• Task instructions: When you copy the listing, skip the images and return each line verbatim.

• Supplied information:
☆ ☆ ☆

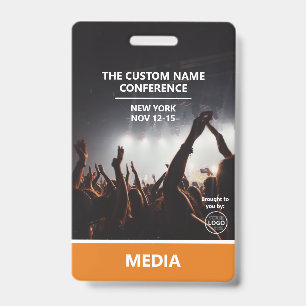 Orange Media Access Pass QR Code Custom Conference Badge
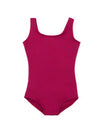 High-neck tank leotard for girls, featuring a sleek and comfortable design - magenta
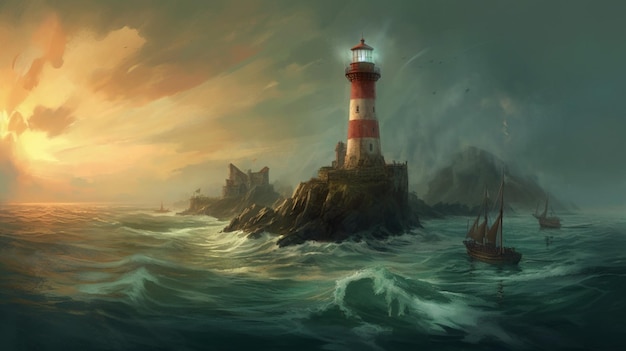 A towering lighthouse guiding ships in the distance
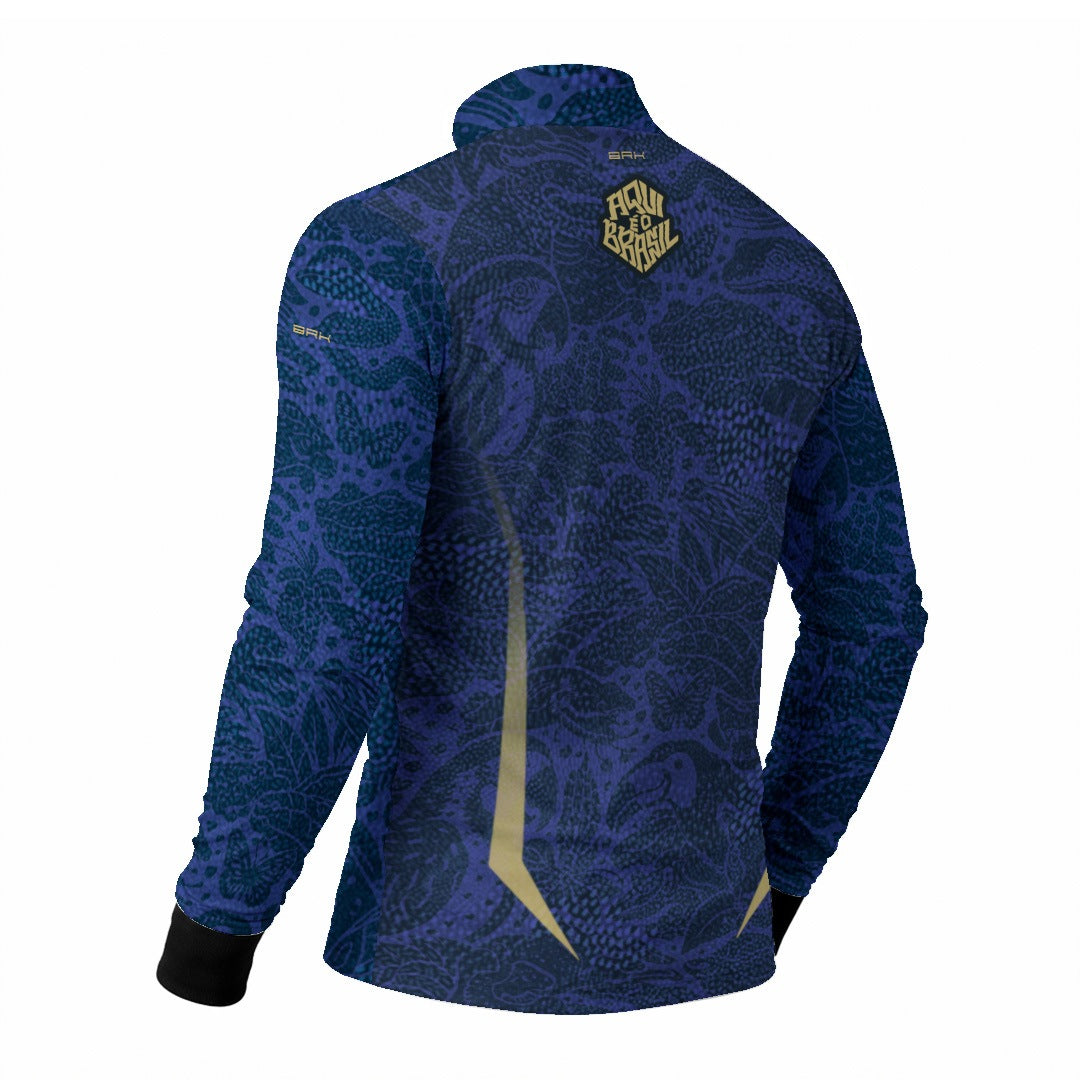 Camisa Brk Aqui é o Brasil Folhagem Sutil Azul Royal com Proteção Solar UV50+ - Brk Agro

☆ ☆ ☆

• Response:
 Orange Media Access Pass QR Code Custom Conference Badge
 High-neck tank leotard for girls, featuring a sleek and comfortable design - magenta
 A towering lighthouse guiding ships in the distance
 Camisa Brk Aqui é o Brasil Folhagem Sutil Azul Royal com Proteção Solar UV50+ - Brk Agro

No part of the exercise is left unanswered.